Please do not run anything related to composer, I intentionally committed vendor folder, because almost any change in the source code removes the crash. So just follow readme and you should get the crash.

dstogov commented 2 years ago

@javer I wasn't able to reproduce the crash on AMD64 (docker and native). Attempt to reproduce this on ARM emulator would take ages :(

dstogov commented 2 years ago

@javer does your app crashes well on both ARM and Intel? or only on ARM?

javer commented 2 years ago

@dstogov On Intel it crashes as well on production servers, and it crashed several times just after the deploy, but it might be connected also with the cache warmup, because not all cache can be warmed up during the deploy process. ARM is my development machine (Macbook on M1 Pro), and sometimes it crashes just after starting phpunit with an empty cache, and neither cache clear nor composer install can resolve this, I need only wait a little bit. It looks like that the crash is somehow connected with the memory addresses which were given by OS to the process, maybe there is some overflow during memory address calculation in edge cases.

On the whole app php crashes very often on my developers machine, but unfortunately I cannot share the source code. But I can give you any information from the gdb as well as patch anything in php source and try again, just tell me what to do :) I understand that it's not very productive, but that's what we have.

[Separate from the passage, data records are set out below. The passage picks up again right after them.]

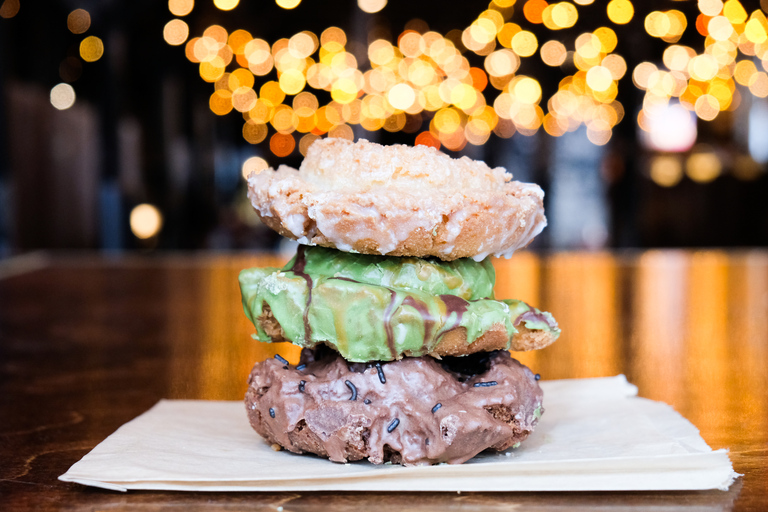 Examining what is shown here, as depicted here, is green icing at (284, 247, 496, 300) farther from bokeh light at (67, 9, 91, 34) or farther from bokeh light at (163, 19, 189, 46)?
bokeh light at (163, 19, 189, 46)

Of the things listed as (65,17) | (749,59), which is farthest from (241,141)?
(749,59)

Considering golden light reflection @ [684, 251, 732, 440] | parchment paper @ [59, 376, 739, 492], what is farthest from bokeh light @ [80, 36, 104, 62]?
parchment paper @ [59, 376, 739, 492]

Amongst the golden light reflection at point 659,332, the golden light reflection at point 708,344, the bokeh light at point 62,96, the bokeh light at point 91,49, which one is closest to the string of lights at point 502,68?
the bokeh light at point 91,49

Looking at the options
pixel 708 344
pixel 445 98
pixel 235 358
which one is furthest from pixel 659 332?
pixel 445 98

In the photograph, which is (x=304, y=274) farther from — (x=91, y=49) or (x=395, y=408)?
(x=91, y=49)

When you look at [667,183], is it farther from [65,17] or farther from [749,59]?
[65,17]

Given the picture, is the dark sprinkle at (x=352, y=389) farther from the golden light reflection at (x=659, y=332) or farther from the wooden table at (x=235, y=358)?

Also I've noticed that changing opcache.memory_consumption a little bit up or down or even adding/removing any class can remove the crash, so it looks like some edge case of fitting some data into the available memory when it should fit but actually goes out of bounds, or something like that.

dstogov commented 2 years ago

@javer I think, it makes sense to try using opcache_reset() after a few requests, instead of waiting for memory overflow. This way, we recently found and fixed a problem (see 3a46f9fd1d03438a41d80251310184182e3b9b27).

Unfortunately, I can't imagine the reason of this crash yet. It might be because of some uninitialized data or dangling pointers that relive opcache reset. Locally I tried to override the freed SHM with different values, but without success (no failures).

May be compiling PHP with -fsanitize=undefined,address,alignment could show some problems.

Gwemox commented 2 years ago

After enabling JIT (PHP 8.1.11), if I do an opcache_reset(), I get a SIGSEGV or SIGABRT error on every request. The same problem occurs after a few hours of execution without opcache_reset.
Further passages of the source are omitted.